***** Given information

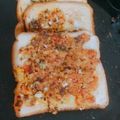 Mukta Shukla 's cooksnap of when they made Suji toast/rawa toast.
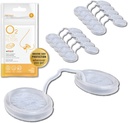 Filtros de nariz O2 con Filtración 3M - Filtro de nariz para alergias - Filtro nasal para alergias - Mascara de polvo de Nostril, Filtro de humo y alergia (Tamaño pequeño, paquete de 10)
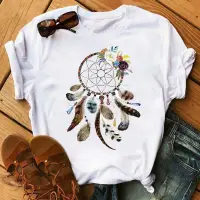 在飛比找蝦皮購物優惠-Dreamcatcher Women Tshirt大尺碼捕夢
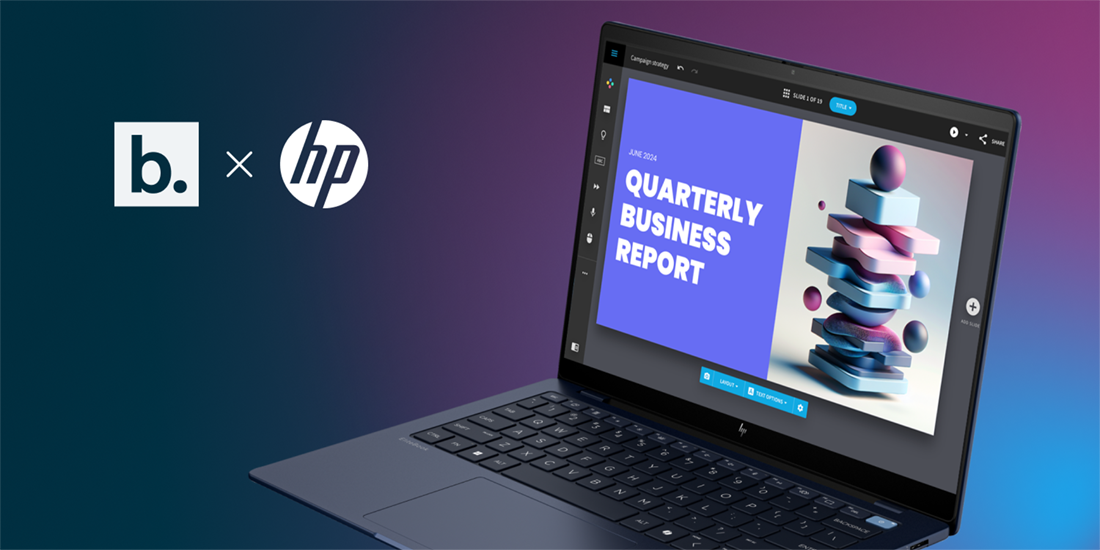 Beautiful.ai Selected as HP’s Presentation Software for AI-Superpowered PCs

**********

▶ [Task description]: Output everything in the material exactly. Pictures stay out of it.

▶ [Output of the exercise]:
 Mukta Shukla 's cooksnap of when they made Suji toast/rawa toast.
 Filtros de nariz O2 con Filtración 3M - Filtro de nariz para alergias - Filtro nasal para alergias - Mascara de polvo de Nostril, Filtro de humo y alergia (Tamaño pequeño, paquete de 10)
 在飛比找蝦皮購物優惠-Dreamcatcher Women Tshirt大尺碼捕夢
 Beautiful.ai Selected as HP’s Presentation Software for AI-Superpowered PCs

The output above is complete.